Ankle sprains: The types, causes, and best treatments
Ankle sprains are the most common injuries seen in sports. While they generally respond well to conservative treatments, ankle sprains can lead to long-term problems if you do not manage them appropriately.
Also, research shows that once you’ve had an ankle sprain, you’re 3.5 times more likely to suffer another ankle sprain than someone who hasn’t had one.
So, the two most important things you can do when you sprain your ankle are:
- Get an accurate diagnosis, and
- Start with the correct treatment as soon as possible.
A sports doctor or physical therapist can assess and diagnose your injury and will be able to tell you what treatment you need.
Quick overview of ankle anatomy
To understand the different types of ankle sprains, you first need to know the parts of the ankle generally involved in an ankle sprain.
The ankle bones
The ankle joint is formed by three bones, including:
- The tibia – the large bone in the center of your lower leg (shinbone)
- The fibula – the long, thin bone on the outer side of your lower leg
- The talus – the small ankle bone that rests on top of your heel bone (calcaneus) but under your tibia
The ankle ligaments
Ligaments are bands of soft tissue that hold bones together and provide stability to joints. Several ligaments stabilize your ankle on the inner, outer, and upper sides. The ligaments attach the bones to one another.
These ankle ligaments are sprained when they’re overstretched or torn. The type of ankle sprain injury you have depends on which ligament(s) are affected.
The ankle cartilage
The ankle joint is lined with cartilage – a smooth, rubbery tissue that helps the bones move smoothly against each other. It also acts as a shock absorber to help protect your ankle joint from impact.
Muscles and tendons
The tendons that attach the muscles of the lower leg to the foot all cross the ankle joint. They help to support the ligaments and provide stability to your ankle joint. There are several tendons that run over the front, back and sides of the ankle joint. They help to stabilize it.

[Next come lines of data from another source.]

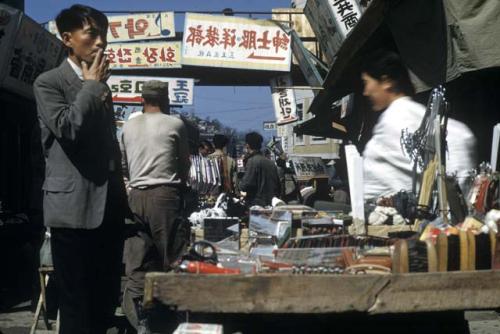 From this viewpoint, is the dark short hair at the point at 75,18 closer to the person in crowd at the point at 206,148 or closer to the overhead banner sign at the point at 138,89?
the person in crowd at the point at 206,148

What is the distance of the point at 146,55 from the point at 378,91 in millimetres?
11205

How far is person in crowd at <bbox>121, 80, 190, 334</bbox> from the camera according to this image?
5570 mm

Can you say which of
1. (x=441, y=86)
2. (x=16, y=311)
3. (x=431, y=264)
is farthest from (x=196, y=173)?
(x=431, y=264)

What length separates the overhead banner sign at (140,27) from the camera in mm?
15133

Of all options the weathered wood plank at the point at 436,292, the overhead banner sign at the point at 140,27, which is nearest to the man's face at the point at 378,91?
the weathered wood plank at the point at 436,292

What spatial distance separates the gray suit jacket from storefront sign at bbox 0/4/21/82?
17.2ft

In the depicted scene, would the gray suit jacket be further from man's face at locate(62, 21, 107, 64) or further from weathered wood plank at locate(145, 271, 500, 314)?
weathered wood plank at locate(145, 271, 500, 314)

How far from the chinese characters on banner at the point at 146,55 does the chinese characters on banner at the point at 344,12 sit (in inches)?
212

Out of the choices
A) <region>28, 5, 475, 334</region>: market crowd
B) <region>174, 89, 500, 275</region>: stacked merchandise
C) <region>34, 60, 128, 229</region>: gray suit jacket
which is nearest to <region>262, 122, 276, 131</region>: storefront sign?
<region>28, 5, 475, 334</region>: market crowd

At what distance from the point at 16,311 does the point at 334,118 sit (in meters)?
4.26

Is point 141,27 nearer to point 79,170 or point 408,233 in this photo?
point 79,170

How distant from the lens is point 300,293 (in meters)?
2.34

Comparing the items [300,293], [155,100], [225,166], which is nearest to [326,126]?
[155,100]

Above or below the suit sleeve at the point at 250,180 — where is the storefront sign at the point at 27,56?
above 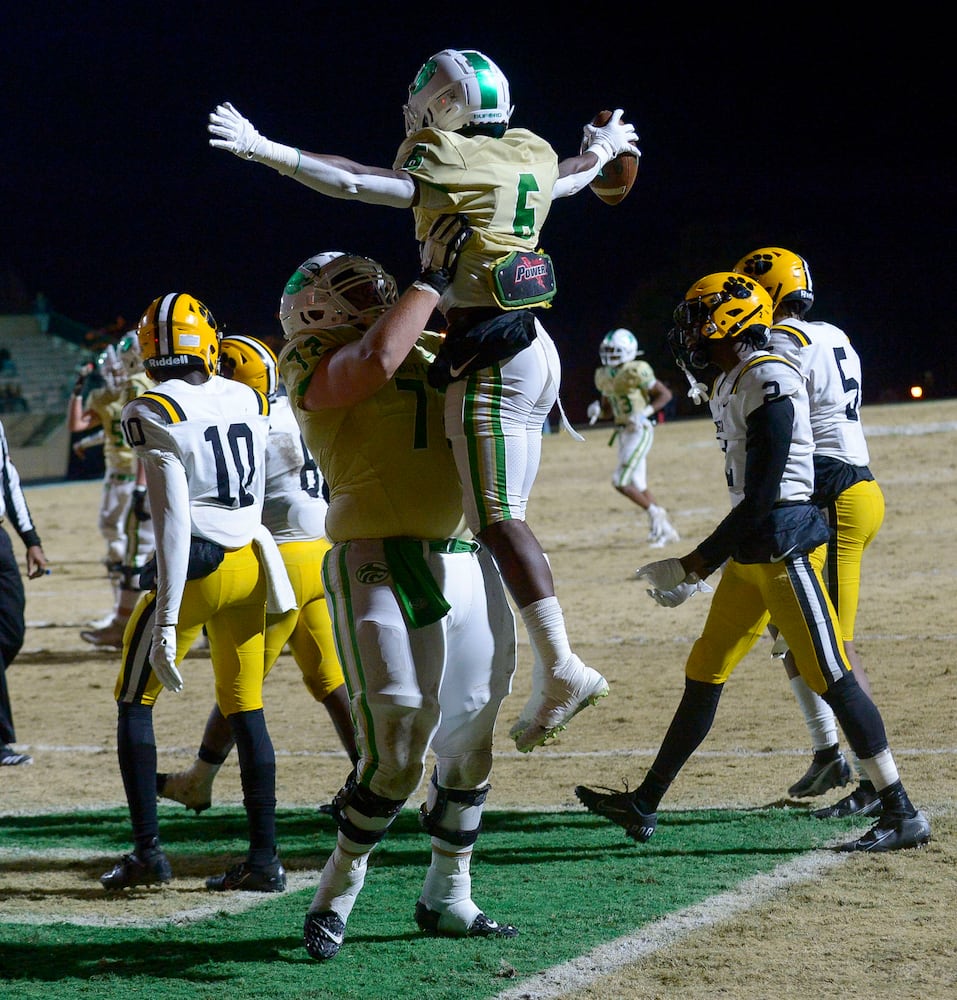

Main types of ankle sprains
Lateral ankle sprain
What is a lateral ankle sprain?
A lateral (outer) ankle sprain is the most common type of ankle injury and accounts for about 85% of all ankle sprains.
It involves an injury to the lateral (outside) ankle ligaments. These ligaments prevent your ankle from turning inward excessively.
What causes a lateral ankle sprain?
Lateral ankle sprains are caused by an extreme inward rolling (inversion) of your ankle.
They are common in sports that involve quick changes in direction, such as basketball, tennis, and soccer. And can also occur when you walk or run on uneven surfaces.
The lateral ankle ligaments include the following:
- Anterior talofibular ligament (ATFL)
- Posterior talofibular ligament (PTFL)
- Calcaneofibular ligament (CFL)
Medial ankle sprain
What is a medial ankle sprain?
A medial (inner) ankle sprain is a less common type of ankle sprain. It involves an injury to the ligaments on the inside of your ankle.
Together these ligaments form an interconnected structure called the deltoid ligament. The deltoid ligament prevents your ankle from turning outwards (eversion) excessively.
Medial ankle sprains are less common than lateral ankle sprains because it takes much more force for the deltoid ligaments to tear. The reasons for this are:
- The ligaments are more robust and thicker than the lateral ligaments.
- The fibula protects ligaments from overstretching by blocking excessive outward ankle movement – meaning they rarely have the chance to overstretch.
However, medial ankle sprains are usually quite severe and often accompanied by other injuries, such as fibular fractures or a high ankle sprain.
What causes it?
A medial ankle sprain is caused when your ankle rolls outward excessively, or a strong force is applied to your ankle that forces it to turn out excessively. For example, when someone lands on your ankle after a jump in rugby or during a tackle in soccer.
The medial ankle (deltoid) ligaments include the following:
- Tibiotalar ligament (TTL)
- Tibiocalcaneal ligament (TCL)
- Tibionavicular ligament (TNL)
Medial ankle sprains are caused by your foot being forced outward, when someone steps on the outside of your ankle. Like in this picture:
High ankle sprain (syndesmotic injury)
What is a high ankle sprain?
A high ankle sprain is a tear or overstretching of the ligaments that connect your two lower leg bones (tibia and fibula) just above your ankle joint. This joint between the two bones is called a syndesmosis.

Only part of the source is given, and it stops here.